Date: May 9, 2013 7:12 PM
Author: Jerry P. Becker
Subject: Making Common Core Standards Work before Making Them Count

-- Tuesday, April 30, 2013.
Making Common Core Standards Work before Making Them Count

Association for a Better New York

Remarks for AFT President Randi Weingarten

SIDEBAR: I predict these standards will result
in one of two outcomes: Either they will lead to
a revolution in teaching and learning. Or they
will end up in the overflowing dustbin of
abandoned reforms, with people throwing up their
hands and decrying that public schools just don't
work.

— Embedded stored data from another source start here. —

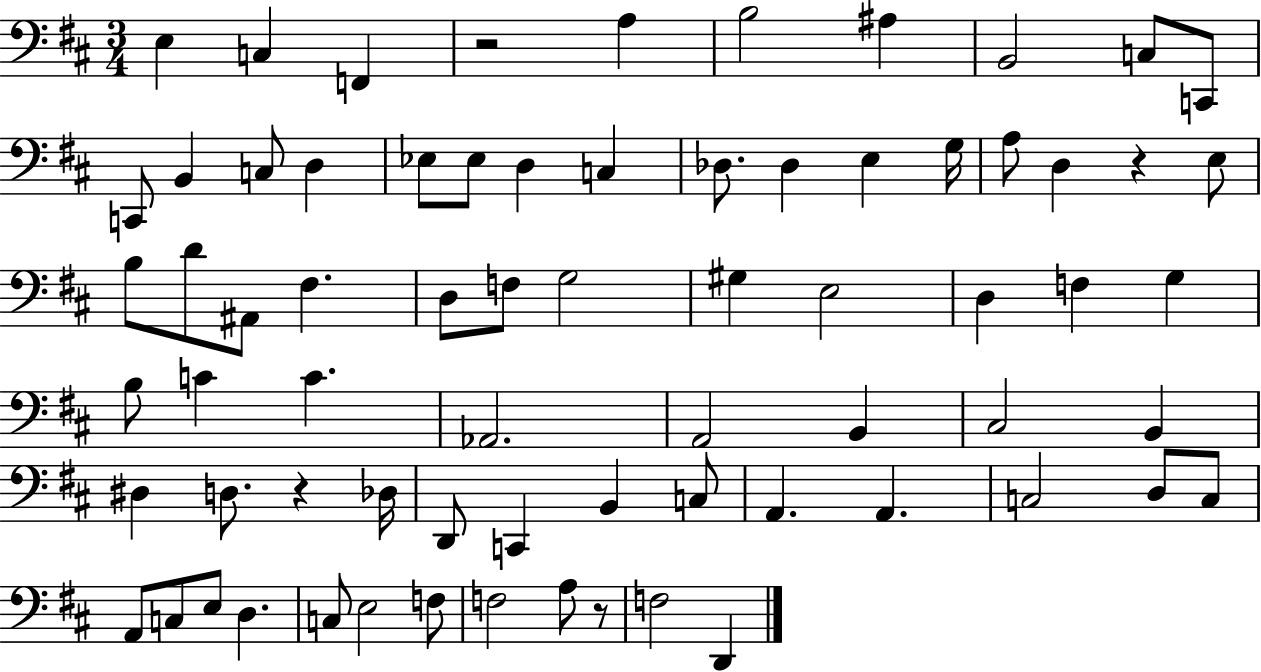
{
  \clef bass
  \numericTimeSignature
  \time 3/4
  \key d \major
  \repeat volta 2 { e4 c4 f,4 | r2 a4 | b2 ais4 | b,2 c8 c,8 | \break c,8 b,4 c8 d4 | ees8 ees8 d4 c4 | des8. des4 e4 g16 | a8 d4 r4 e8 | \break b8 d'8 ais,8 fis4. | d8 f8 g2 | gis4 e2 | d4 f4 g4 | \break b8 c'4 c'4. | aes,2. | a,2 b,4 | cis2 b,4 | \break dis4 d8. r4 des16 | d,8 c,4 b,4 c8 | a,4. a,4. | c2 d8 c8 | \break a,8 c8 e8 d4. | c8 e2 f8 | f2 a8 r8 | f2 d,4 | \break } \bar "|."
}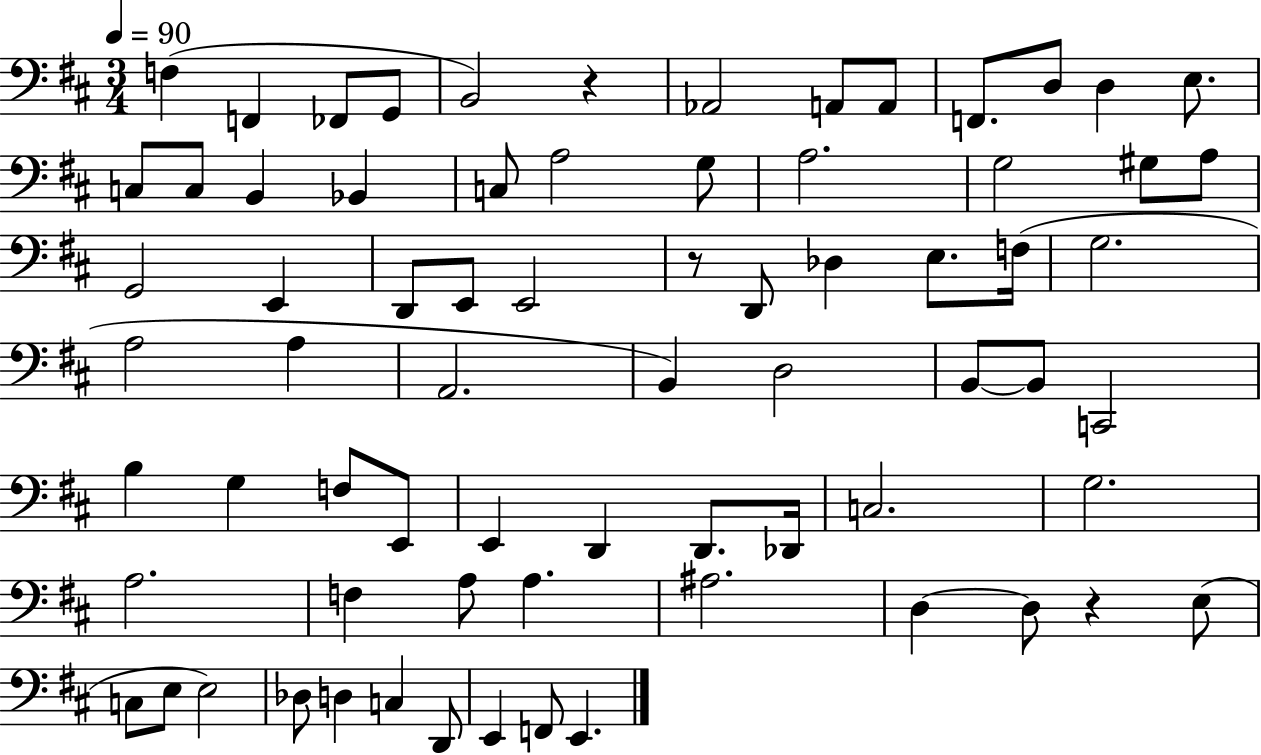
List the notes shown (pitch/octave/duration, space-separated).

F3/q F2/q FES2/e G2/e B2/h R/q Ab2/h A2/e A2/e F2/e. D3/e D3/q E3/e. C3/e C3/e B2/q Bb2/q C3/e A3/h G3/e A3/h. G3/h G#3/e A3/e G2/h E2/q D2/e E2/e E2/h R/e D2/e Db3/q E3/e. F3/s G3/h. A3/h A3/q A2/h. B2/q D3/h B2/e B2/e C2/h B3/q G3/q F3/e E2/e E2/q D2/q D2/e. Db2/s C3/h. G3/h. A3/h. F3/q A3/e A3/q. A#3/h. D3/q D3/e R/q E3/e C3/e E3/e E3/h Db3/e D3/q C3/q D2/e E2/q F2/e E2/q.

And the coming months will determine which
outcome comes to pass.

Good morning.

Our obligation as a nation, and my obligation as
an educator, is to help children achieve their
potential, participate in our democracy and
propel our economy forward. In today's world,
that means our students must be prepared to
compete-not on the basis of their test-taking
skills, but on their ability to solve problems,
analyze and apply knowledge, and work with others.

So, what if I told you there is a way to
transform the very DNA of teaching and learning
to move away from rote memorization and endless
test-prep, and toward problem solving, critical
thinking and teamwork-things I know many of you
have been advocating for years? And what if I
told you there is a way to do that not a
generation from now, but for students today, who
will be the employees you'll hire tomorrow?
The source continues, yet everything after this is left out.